I know this is not what you signed up for, but each day for the past two years I have seen hearts beating rhythms that are the best of our profession.
The best advice I received as a beginning teacher was: “Do what teachers do, join the QTU.” I think it remains the best advice.
Membership of the QTU is about claiming your space in a community. We are a community at local, collegial and shared professional level, and being a member of the QTU means you also have a place in the national and international workers’ movement.
At the local level, QTU members are represented by your Workplace Representatives. If you haven’t met you Reps, or you would like to be a Workplace Representative yourself, contact your local QTU office, or call QTAD on 1300 11 78 23. QTU Reps are an important part of our community and represent you on your school’s local consultative committee (LCC), which makes many of the decisions at your school, such as when the three flexible student free days will be scheduled in 2022.
Teaching is a collegial profession, and QTU members determine our Union’s policy positions and priorities. I am proud of our union’s democratic structures, and I want to hear what you have to say.
As the General Secretary of our democratic Union, I need you to participate, educate, and activate. You can do this by coming together at your QTU branch (every member in every school throughout Queensland is part of one of our branches), being elected to our councils or standing committees, or joining a special-interest-group. It is members like you who shape the Union’s policies and priorities (which are available on our website) and our advocacy with the Department of Education.

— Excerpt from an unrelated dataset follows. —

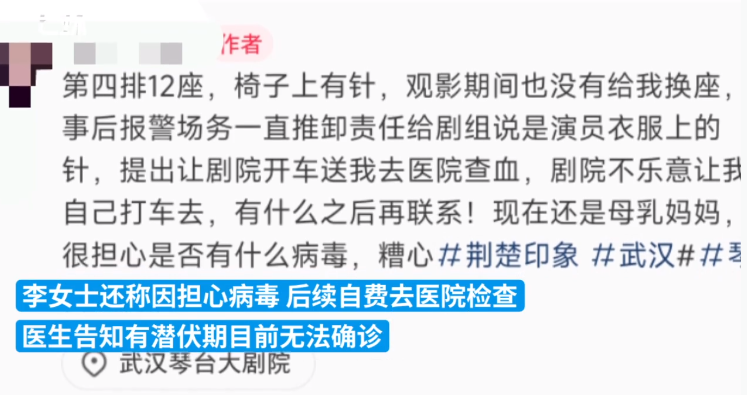 网友称“看演出遭座位针扎” 武汉琴台大剧院回应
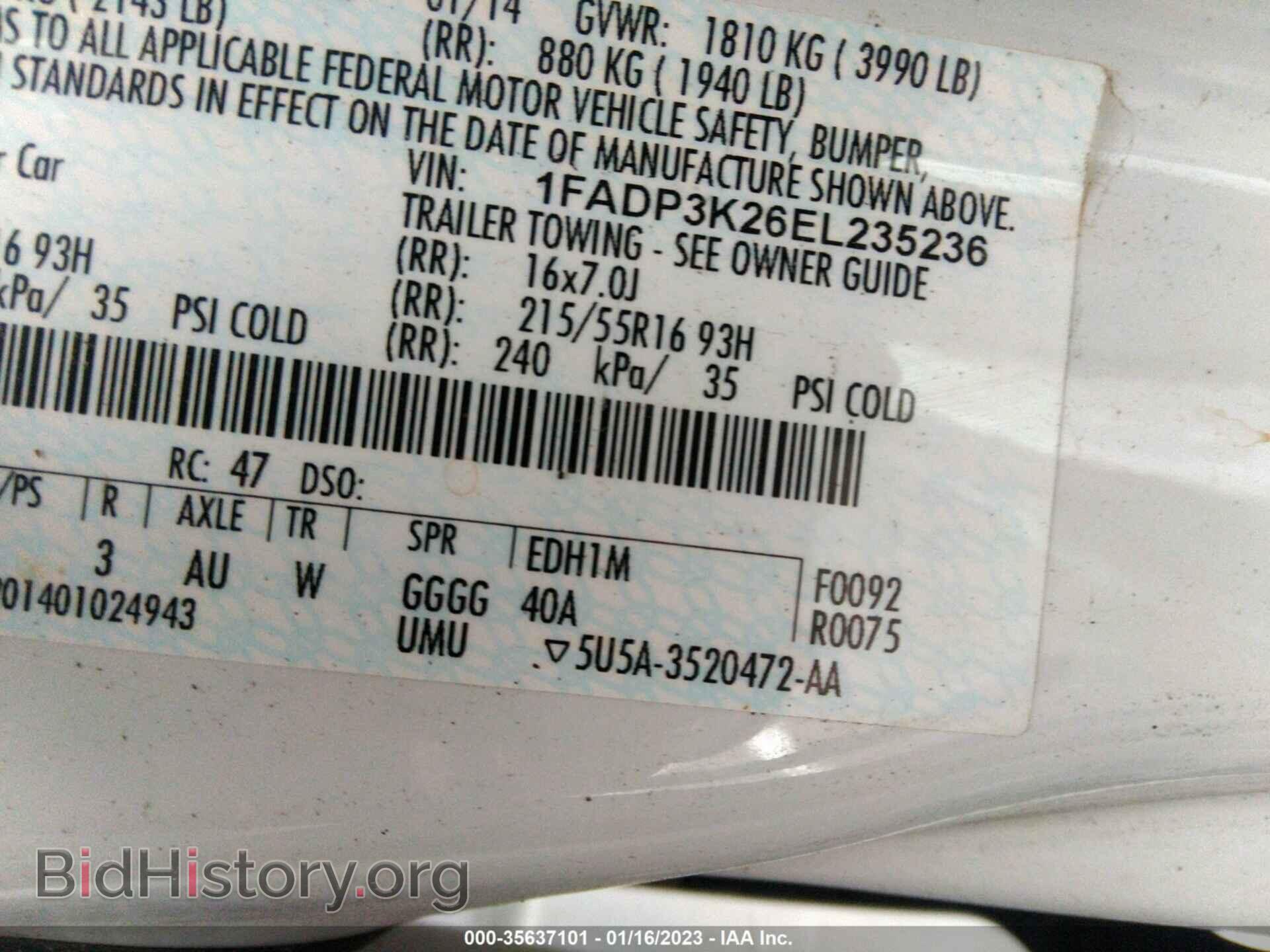 2014 FORD FOCUS - VIN: 1FADP3K26EL235236 - Фото 9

As state government employees, members of the QTU are affiliated with other Queensland public sector unions, ensuring that all of those working in our Queensland public service, including teachers, teacher-aides, nurses, police officers and more, enjoy the benefits of our collective union work. One example of this is the temporary to permanent conversion process, which many early career teachers benefit from. Another is payment of transfer and relocation expenses. Employers, including state governments, aren’t known for giving money away; it was the QTU and our public sector union affiliates that achieved these conditions. Your membership of the QTU helps us to continue the unfinished struggle to improve working conditions.
Earlier this year, I was re-elected as the General Secretary of our Union, the Queensland Teachers’ Union.
I am proud to be the General Secretary of the QTU and I am proud to claim my space in the national and international workers’ movement. The International Trade Union Confederation shares our values on a global scale, advocating for action on climate change, addressing gender-based violence at work, and advocating for human rights. The General Secretary of our international movement is Sharan Burrow, formerly a high school teacher from country NSW. Sharan is a friend of our QTU community, and has been a keynote speaker at our conferences.
For me, membership of the QTU is about claiming space in our community and is so much more than, say, paying a subscription fee for an online streaming service. In the years to come, maybe next year, I look forward to seeing you take up your space in our community.
I said earlier that over the past two years I have seen hearts beating rhythms that are the best of our profession. Now, as the 2021 school year draws to an end, I earnestly hope that you will find the time to let your heart reinvigorate your relationships with family and friends; rest and rejuvenate; and most of all stay safe and well.
Thank you for everything you have done for education in Queensland this year.